独りの椅子 石垣りんのために/梯 久美子

 序章

 けれどどんなことをしても
 私の波立つ血が私を離れて
 あの陸地、
 と呼ぶ所にあがることは出来なかつた。

 太陽にあたためられる表皮
 つかの間の体温
 内部にひろがる暗い部分は
 冷えた祖先の血の深み。

 もういわない、
 私が何であるか
 食卓でかみ砕いたのは岩
 町で語りかけたのは砂
 森で抱きしめたのは風
 それだけ。

(「海のながめ」より)

 石垣りんはひとりで生き、老いた。
 一九二〇(大正九)年に東京・赤坂で薪炭を商う家に生まれ、高等小学校を出た一四歳から定年まで、丸の内の日本興業銀行で働いた。
 制服のある職場に通い、家族のいる家に帰って眠る。

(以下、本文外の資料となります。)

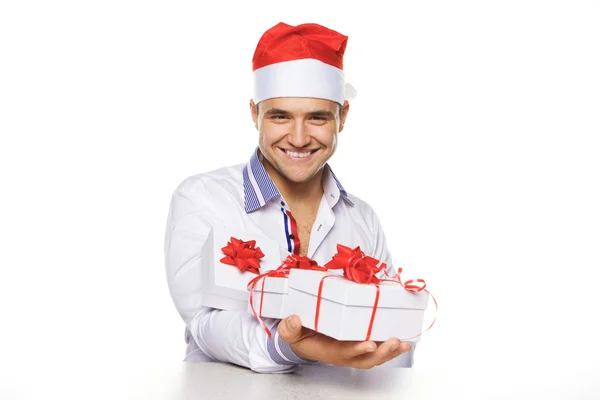Образ привлекательного мужчины с рождественскими подарками — стоковое фото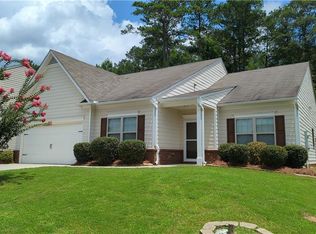 6066 Heisler St, Rex, GA 30273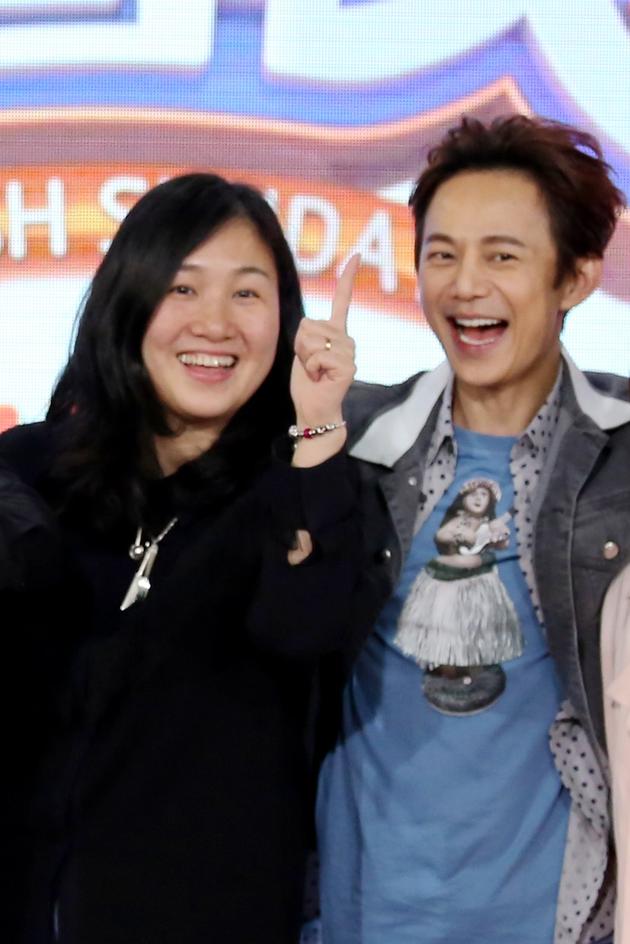 揭秘《星期天》:真人秀手段制作棚内综艺|透鲜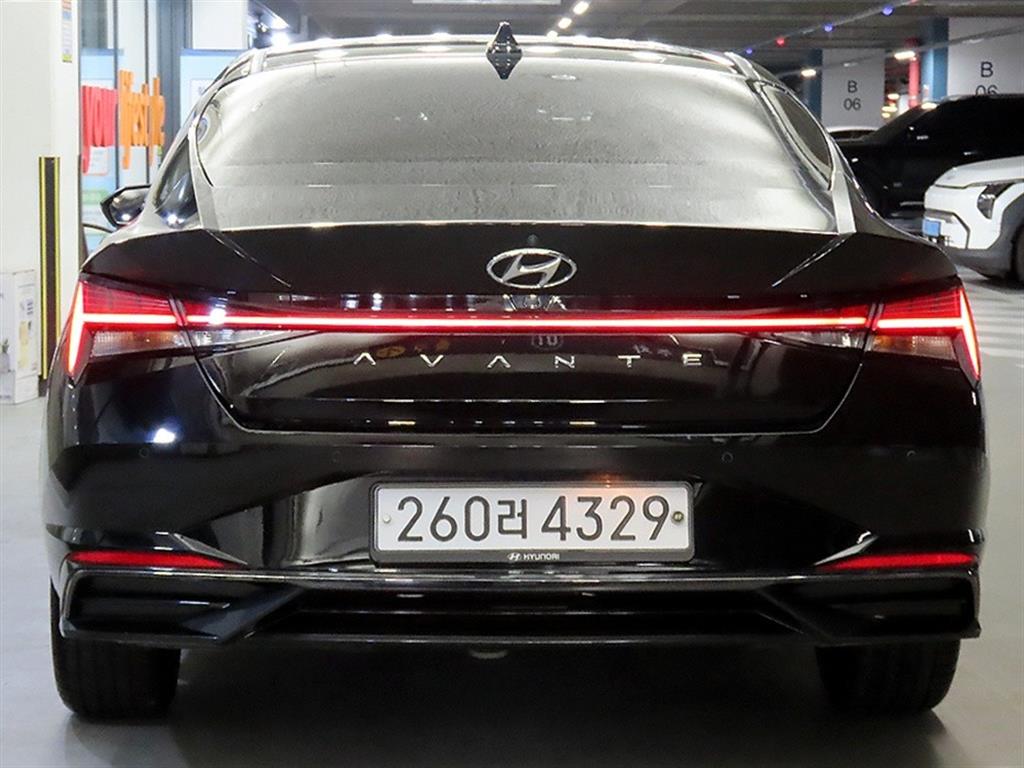 HYUNDAI Avante - Vista 5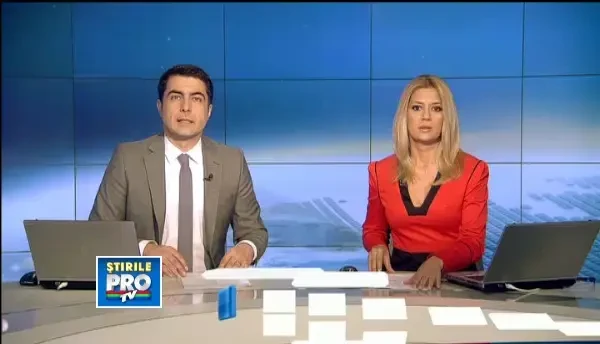 Doua masini luate de viitura in judetul Tulcea. Au fost tarate mai bine de 600 de metri, intr-o rapa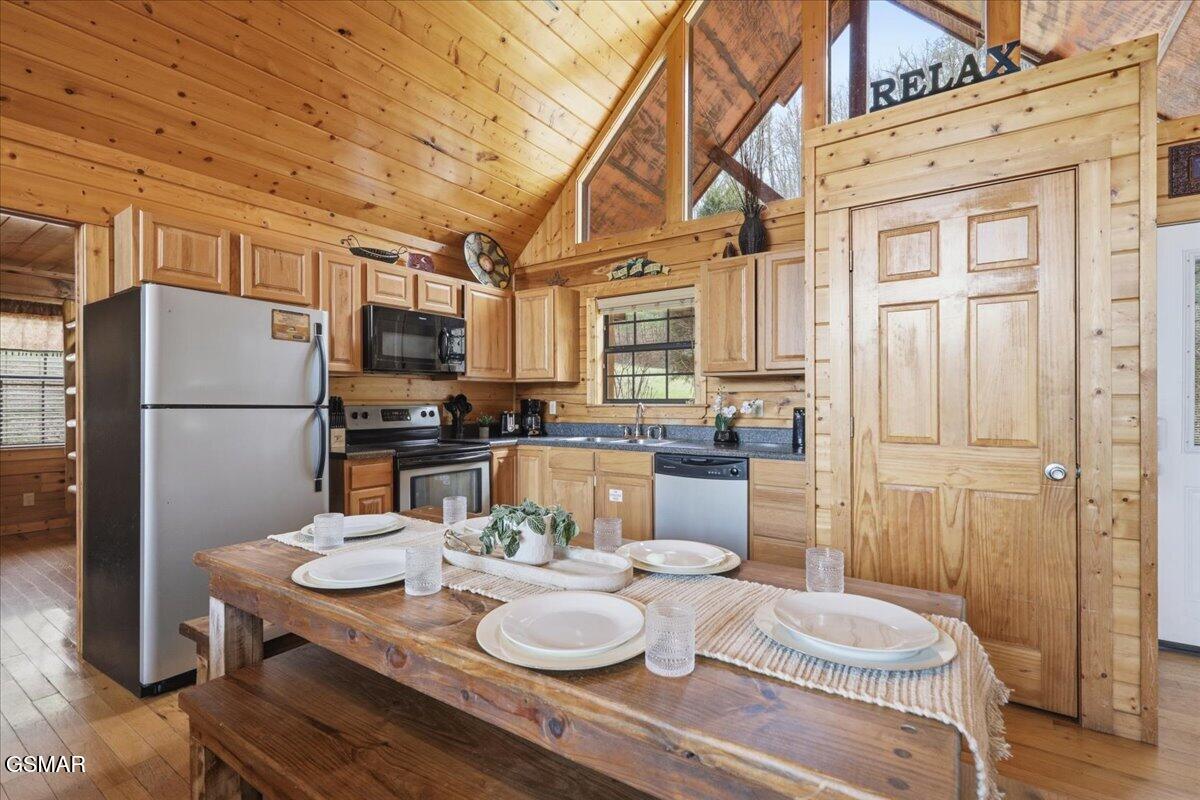 1503 Turkey Trot Way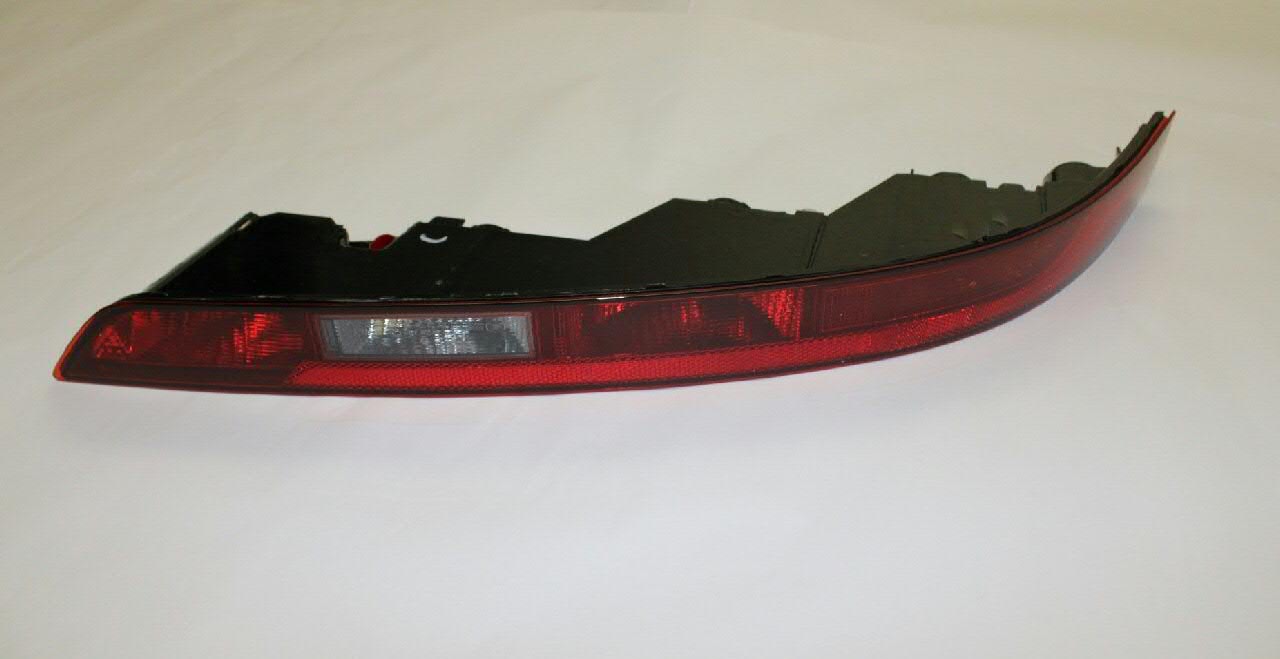 Lampa zespolona zderzaka tylnego lewa VAG 80A945069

だが生涯、どこにも、誰にも、所属しなかった。職場も家も、彼女の居場所ではなかった。
 りんは四人の母を持った。父が四度結婚したからだ。
 四歳で実母と死別し、後妻として家に来た母の妹も病死した。三人目の母は父との間に三人の子をしたが離婚。それから一年たたないうちに、父は四人目の妻を迎えた。すでに銀行で働いていた一七歳のりんは、そのひとの写真を見せられ、思わず「そんなに欲しいの?」と口にする。父は顔色を変えて怒った。
 太平洋戦争開戦のとき二一歳。終戦の年の五月、空襲で生家が全財産を失い、失意の父はやがて病を得る。一家の稼ぎ手はりんだけになった。
 戦後は品川の路地裏にある一〇坪ほどの家に、祖父、父、義母、同母弟、異母弟と六人で住んだ。五〇歳でひとり暮らしを始めるまで、彼女の生活の場は、二間しかないこの借家だった。
 りんの詩には、家と家族が繰り返し登場する。

 家にひとつのちいさなきんかくし
 その下に匂うものよ
 父と義母があんまり仲が良いので
 鼻をつまみたくなるのだ
 きたなさが身に沁みるのだ

(「きんかくし」より)

 血の熱量に耐えられますように
 と両手のなかで祈るうち。

 私の胴体からは
 タコみたいな足が生えて
 四本も五本も生えて
 八本にもなつて。
 さあこれでどうやら支えられると安堵したら
 その足を食べにくる
 見たような顔をした不思議な人間。

 あなたは?
 と聞けば
 親だという
 誰々だという
 忘れたの?
 という。

(「生えてくる」より)

 りんは自分の家族をつくらなかった。生まれた家のメンバーが、生涯で持った家族のすべてだった。
「ずっと続いてきた血の流れが、最後に私のところで乾こうとしているけど、そこまで行かなきゃならないんです」(六三歳のときの言葉)
 捨てても捨てても捨てきれない、肉親という名の他者。血の絆はくびきにほかならず、外そうともがくほどに息ができなくなる。
 自分で選んだわけではない家族という関係性を、りんは何とか生き切ろうとした。そのためには書くことが必要で、だから自分の体を裏返して内臓をさらすようにして、家と家族をうたいつづけた。